Schlein sbaglia però quando dice che «adesso la benzina è tornata sopra ai 2 euro». Secondo i dati più aggiornati del Ministero dell’Ambiente e della Sicurezza energetica, nella settimana tra il 13 e il 19 maggio 2024, un litro di benzina costava in media 1,88 euro, un litro di gasolio 1,73 euro. Nell’ultimo mese i prezzi dei carburanti sono in calo.
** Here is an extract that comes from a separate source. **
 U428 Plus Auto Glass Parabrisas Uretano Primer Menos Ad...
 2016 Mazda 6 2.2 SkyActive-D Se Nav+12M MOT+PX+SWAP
Da quando è in carica il governo Meloni, la soglia dei 2 euro è stata superata solo per la benzina, a fine settembre 2023.

I benefici della riforma dell’Irpef

«I 4 miliardi che hanno messo sulla riforma dell’Irpef si tradurranno in un risparmio di 15 euro al mese» (min. -2:04:54)

È vero: i numeri citati da Schlein sono giusti.

Il governo Meloni ha ridotto temporaneamente, solo per il 2024, il numero degli scaglioni e delle aliquote dell’Irpef da quattro a tre (il governo Draghi le aveva ridotte strutturalmente da cinque a quattro). Per finanziare questa misura e coprire la riduzione del gettito, il governo Meloni ha stanziato per quest’anno oltre 4 miliardi di euro, la cifra correttamente citata da Schlein. 

Lo scorso novembre l’Ufficio parlamentare di bilancio, un organismo indipendente che vigila sui conti pubblici, ha stimato che questa revisione temporanea dell’Irpef porterà 169 euro di risparmi per ogni beneficiario. Questi soldi, divisi per 12 mesi, danno un beneficio di poco superiore ai 14 euro al mese.